A game could provide models through which we could better understand how people search for information. Consider a game in which a puzzle must be solved or some knowledge must be gained. How will the player gain the knowledge? What are the options open to the player? A game that modeled information seeking behavior, like useability testing, would give us insight as to what people do when faced with particular challenges.

We could also build games that teach information literacy. If a game were to present a problem to users, sending them down the path of information gathering, various kinds of information could be presented. The player might have to choose between scholarly and popular sources, information formats, and then synthesize the information into useable answers to the problem. What would a 3D version of the information highway look like?
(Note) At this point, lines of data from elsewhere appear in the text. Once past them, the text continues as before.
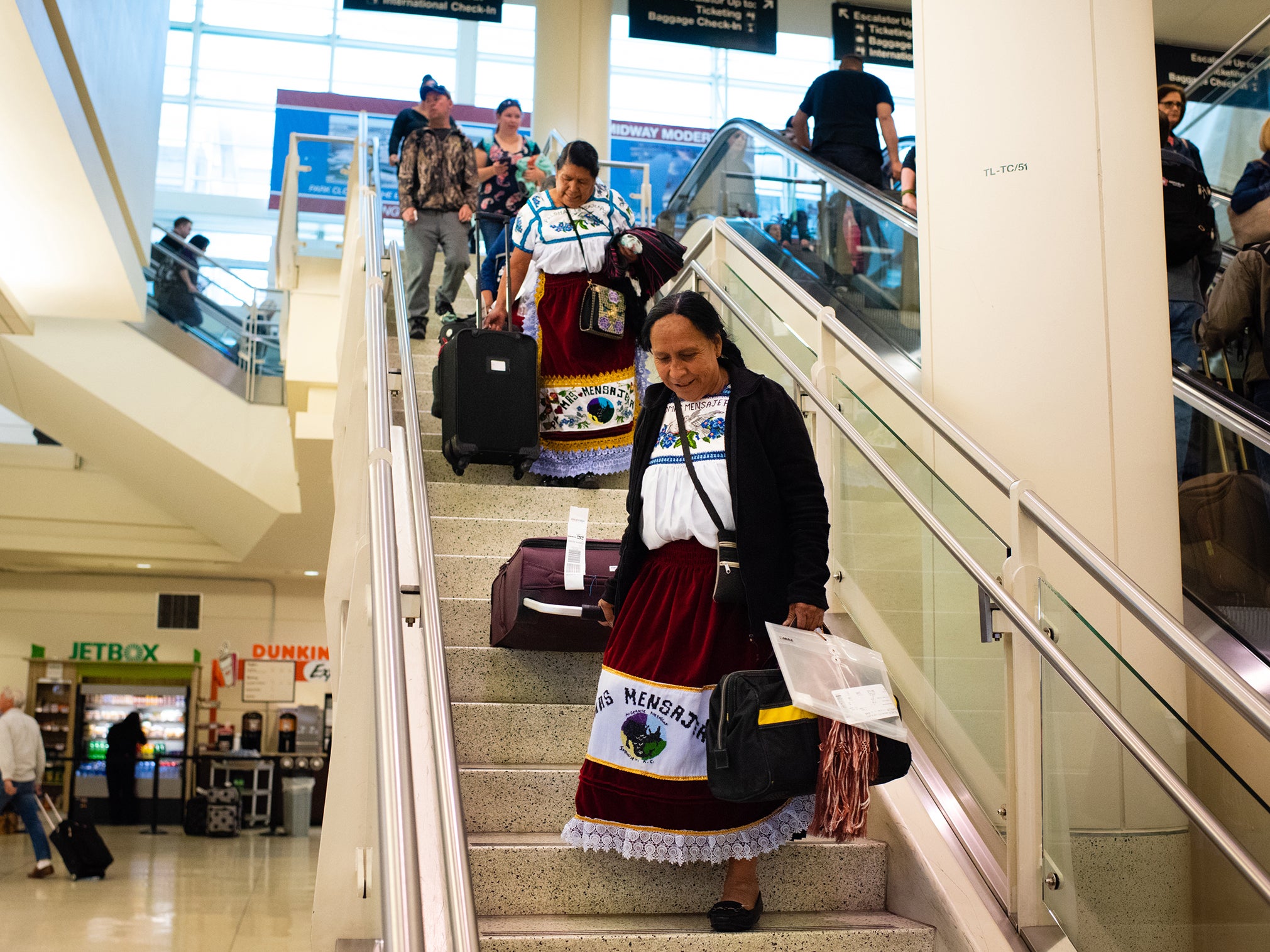 Maria Leonarda Pineda Joaquin, 68, drags her suitcases down the stairs at the airport in Chicago because she is afraid of the nearby escalators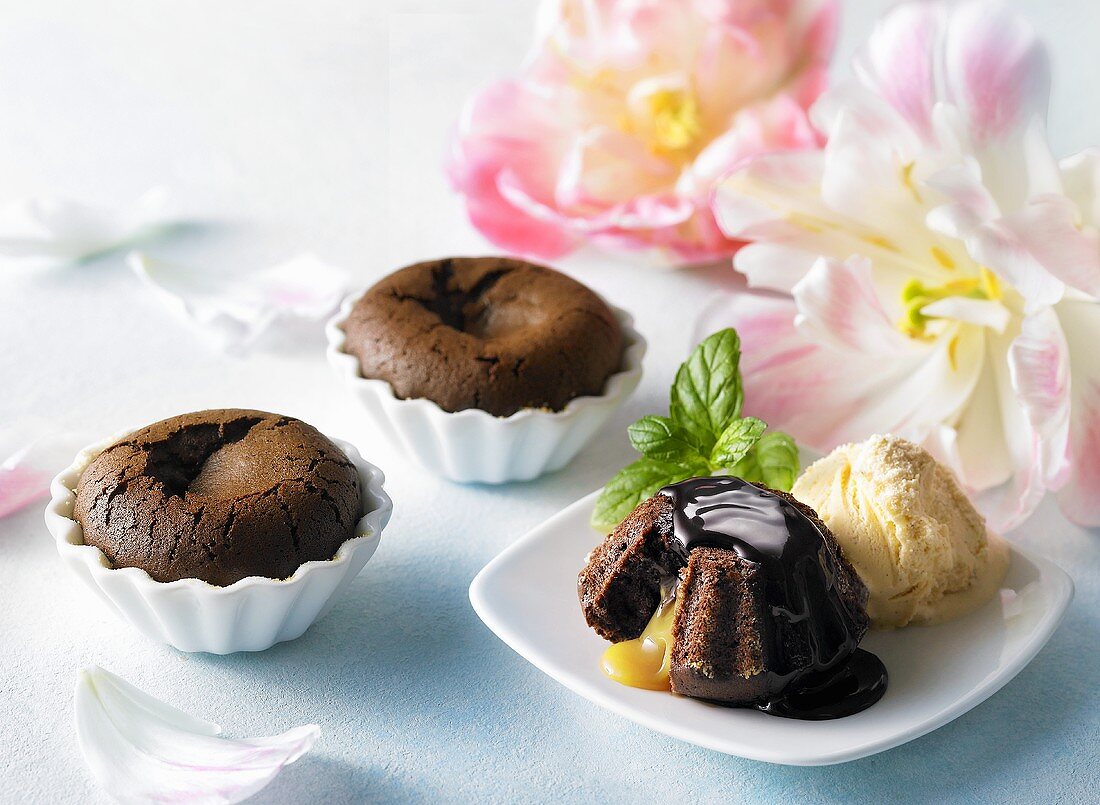 Chocolate cakes with egg liqueur, chocolate sauce and ice cream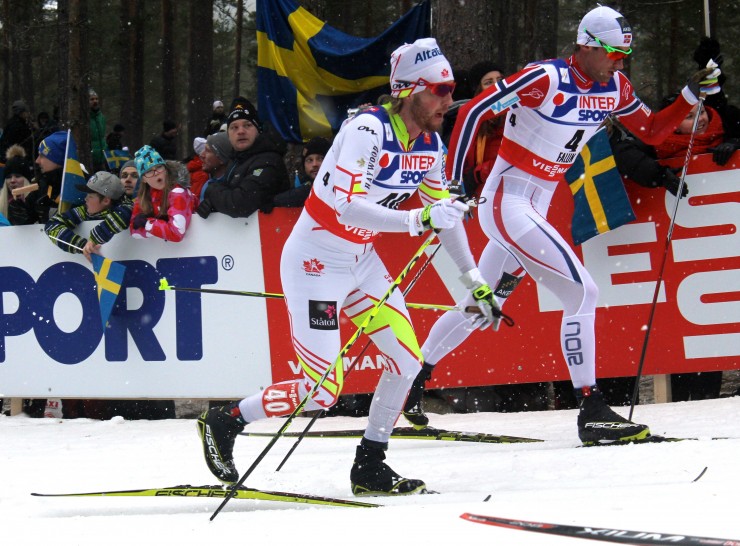 Canada's Graeme Killick skiing with eventual winner, Petter Northug of Norway (r), around 14 k of the men's 50 k classic mass start at 2015 World Championships. Killick went on to place 19th for a career-best international result. 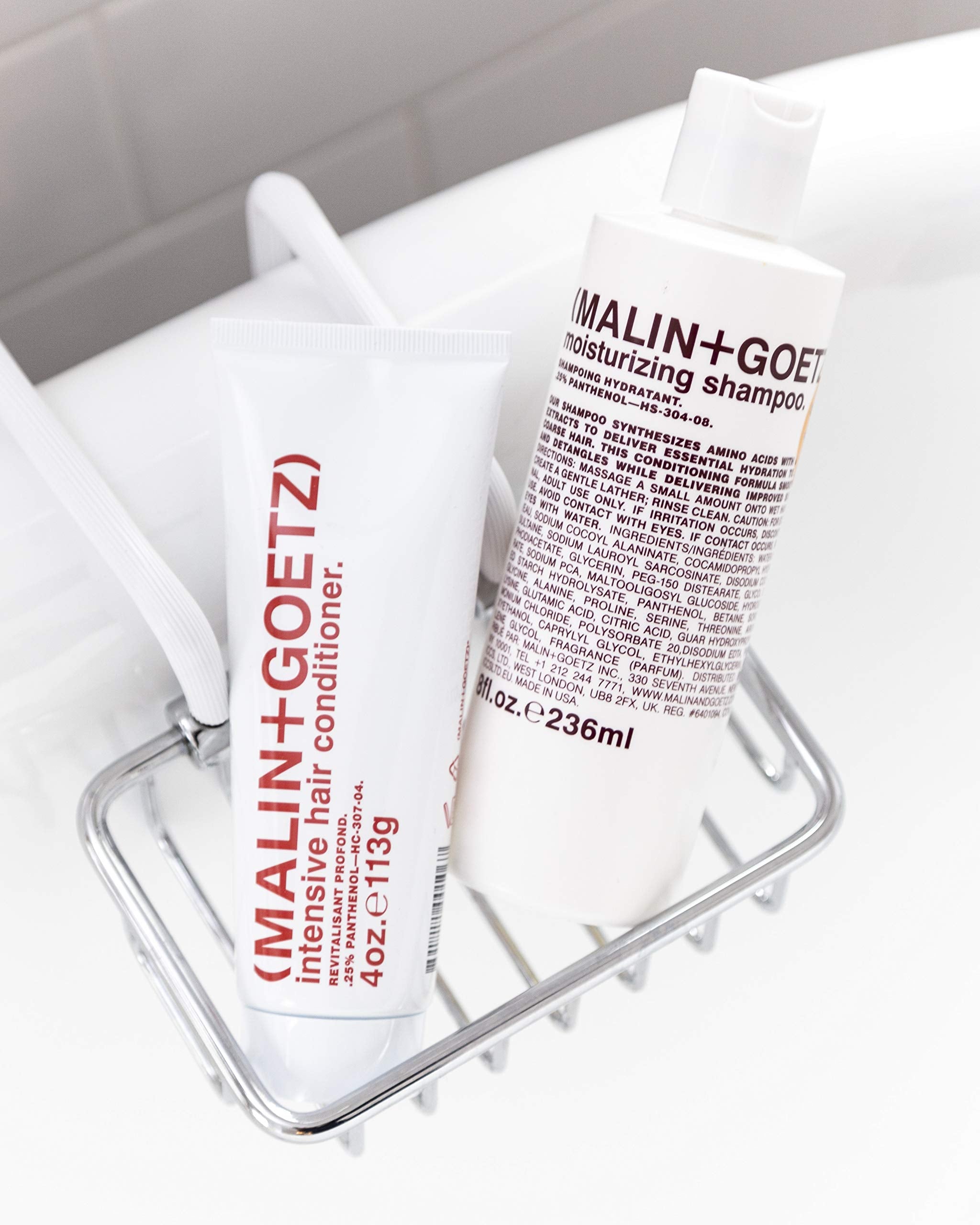 MALIN+GOETZ bottle next to measuring cup indicating 8 fl oz size and travel convenience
Building games from scratch is out of the realm of most library budgets and expertise. However, it only takes one school with some grant money and an eager student of game programming to create a game that could be modified for many different settings. We use games in Information Literacy classes already, like quiz games, that can be easily translated into online worlds. What about an information literacy quiz game that takes place in a Second Life environment? If your university has land in Second Life, does the library have space there? Information modeled in an online environment can become almost anything from a maze, to an amusement park, to a fully formed world and story.

Games can be serious. Games can change the way we think about things and they are changing the way we acquire knowledge. More libraries are beginning to offer different types of gaming environments for patrons, like equipment or space for game playing, but I think we should also consider what we can create that will foster better information skills in our patrons.